Make the black sesame filling

  1. Pulse the black sesame seeds in a food processor (or Vitamix/Blendtec, if you’re so lucky) for about 15-20 minutes, until a smooth black sesame paste has formed, and all its oils have been released.
  2. With the motor running, stream in your honey to taste, and add a pinch of salt.
  3. This can be kept in the fridge overnight, or just kept at room temperature if using soon.

Make the milk bread

  1. Combine the flour, sugar, salt, and active dry yeast in a mixing bowl.
  2. In a large glass measuring cup, warm up 1/2 cup milk (I always use a little more milk) in the microwave until it reaches 110°F.  Whisk in your room temperature egg, and 130g tangzhong.
  3. Add the wet ingredients to the dry in the mixing bowl. Using the dough hook attachment, knead the dough until a ball forms.
  4. Add the butter, one tablespoon at a time, while the machine is kneading.
  5. Knead the dough for 20-30 minutes (depending on your mixer), until the dough is elastic and makes a slapping noise. On a Kitchenaid, this would be speed 2 for 20 minutes.
  6. Lightly oil a large bowl, and toss your dough around to lightly coat all sides with oil. Cover with a damp kitchen towel, and allow to proof in a draft-free, warm spot.
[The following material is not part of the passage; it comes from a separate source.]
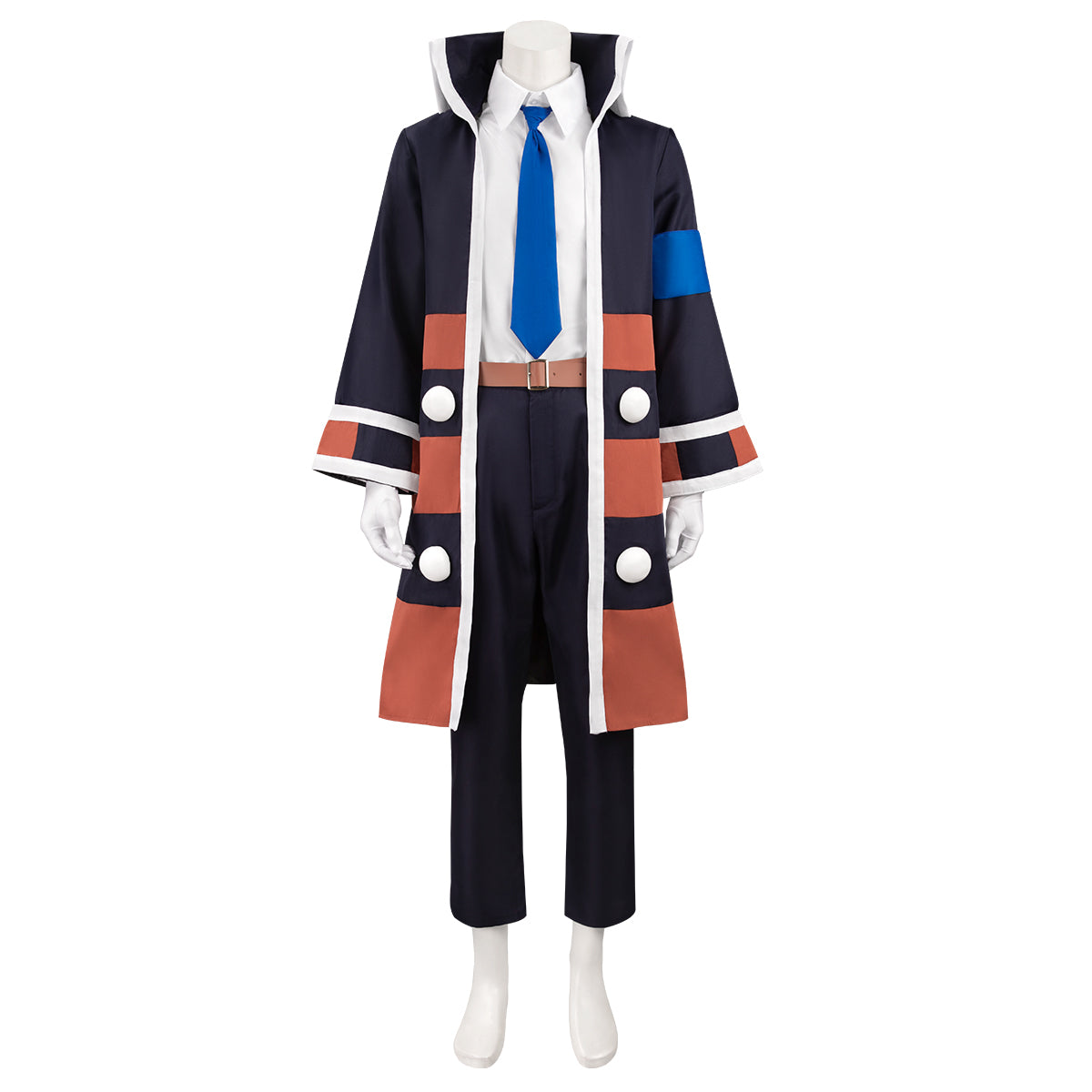 PM BW BW2 Subway Boss Ingo Cosplay Costume Costume - Tophatter Daily Deals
Some ovens have a “proof” setting, otherwise, leave it on top of your refrigerator.
  7. After your dough has doubled in size (allow 1-2.5 hours for this, mine usually takes 2 hours), roll out the dough to an approximately 15′ by 11′ rectangle on a clean cutting board. I find it is unnecessary to use flour, because the dough is usually elastic enough to easily peel away from any surface.
  8. Generously spread your black sesame filling onto the dough. With the long side horizontal to you, roll the dough into a tight log. Cut with dental floss or a sharp knife.
  9. Arrange rolls in two 9′ cake pans, lined with parchment paper. I was able to fit 5 rolls in each pan. Allow to rise for another hour.
  10. Place a large pan (that you’re okay with potentially being warped) on the lowest rack in your oven. Preheat oven to 350°F about 15 minutes before the rolls are finished rising. When the hour is up, brush the rolls with egg wash and sprinkle with demerara sugar, if using.
  11. Carefully pour cold water onto the pan (or use a water gun, à la Thomas Keller), being careful of the steam burning your face/hands. Quickly place the 2 pans of rolls in the oven.
  12. Bake for 23-30 minutes, checking at the 20 minute mark to ensure rolls are not over baked.
  13. Best enjoyed warm!

NOTES

  • about creating steam in your oven– I’ve read many ways bakers have done this, from throwing ice cubes into the ovens, to loading a large hotel pan with river rocks and metal chains and spraying water on them with a water gun, to starting off with water in the pan while the oven is preheating. I am no expert and have not tried all these different ways to document all the differences, but I do know you sort of wreck your pans if you bake them in high heat without any water on it. Just a word of caution.